─── Supplied records ───
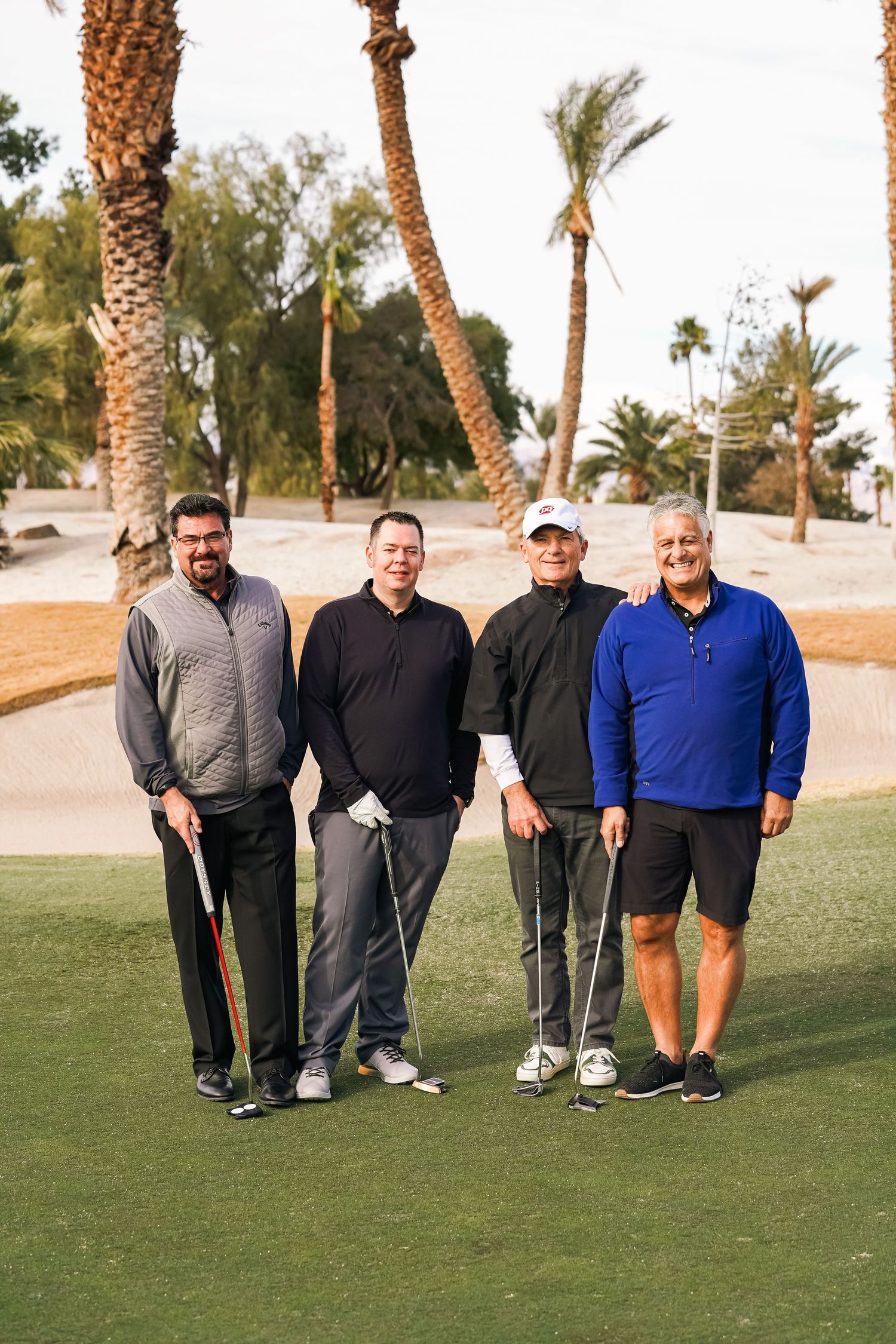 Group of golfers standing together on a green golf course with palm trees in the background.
───
─── Supplied records ───
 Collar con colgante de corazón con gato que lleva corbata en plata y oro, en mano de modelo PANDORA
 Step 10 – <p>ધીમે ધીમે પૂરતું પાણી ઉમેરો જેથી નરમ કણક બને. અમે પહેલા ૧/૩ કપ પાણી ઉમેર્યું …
───
─── Supplied records ───
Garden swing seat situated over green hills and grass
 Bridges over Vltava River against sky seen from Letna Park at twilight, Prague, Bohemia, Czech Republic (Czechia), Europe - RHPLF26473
───
### Work instruction:
Everything from the line containing "Garden swing seat" through the line containing "Bridges over Vltava" in the material above should be retyped exactly, both ends included, and nothing more.

### Your solution:
Garden swing seat situated over green hills and grass
 Bridges over Vltava River against sky seen from Letna Park at twilight, Prague, Bohemia, Czech Republic (Czechia), Europe - RHPLF26473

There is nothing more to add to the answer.